▶ Exercise prompt
Print this span of the material below exactly: the line with "2016 Mercedes-Benz SL400", the line with "Tommy Jeans Cardigan", and every line between them, but nothing else.
::: Dataset records :::
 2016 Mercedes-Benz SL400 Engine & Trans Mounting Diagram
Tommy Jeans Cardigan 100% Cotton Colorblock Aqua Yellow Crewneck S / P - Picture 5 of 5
:::
::: Dataset records :::
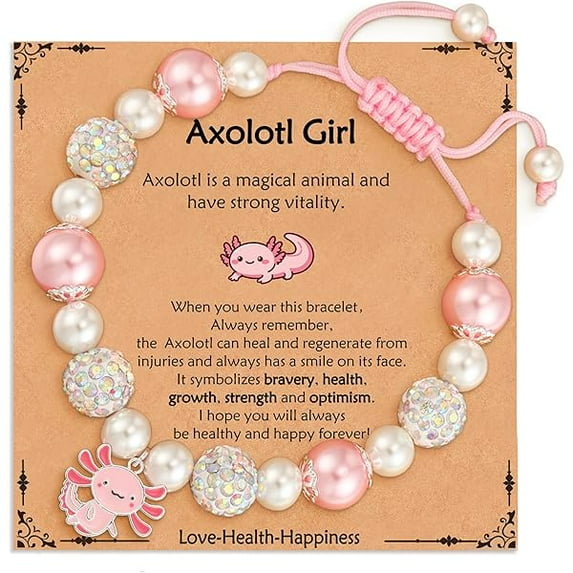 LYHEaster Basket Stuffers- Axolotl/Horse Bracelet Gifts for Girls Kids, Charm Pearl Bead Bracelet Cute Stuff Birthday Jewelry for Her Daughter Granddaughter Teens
:::
▶ Solution for this task
 2016 Mercedes-Benz SL400 Engine & Trans Mounting Diagram
Tommy Jeans Cardigan 100% Cotton Colorblock Aqua Yellow Crewneck S / P - Picture 5 of 5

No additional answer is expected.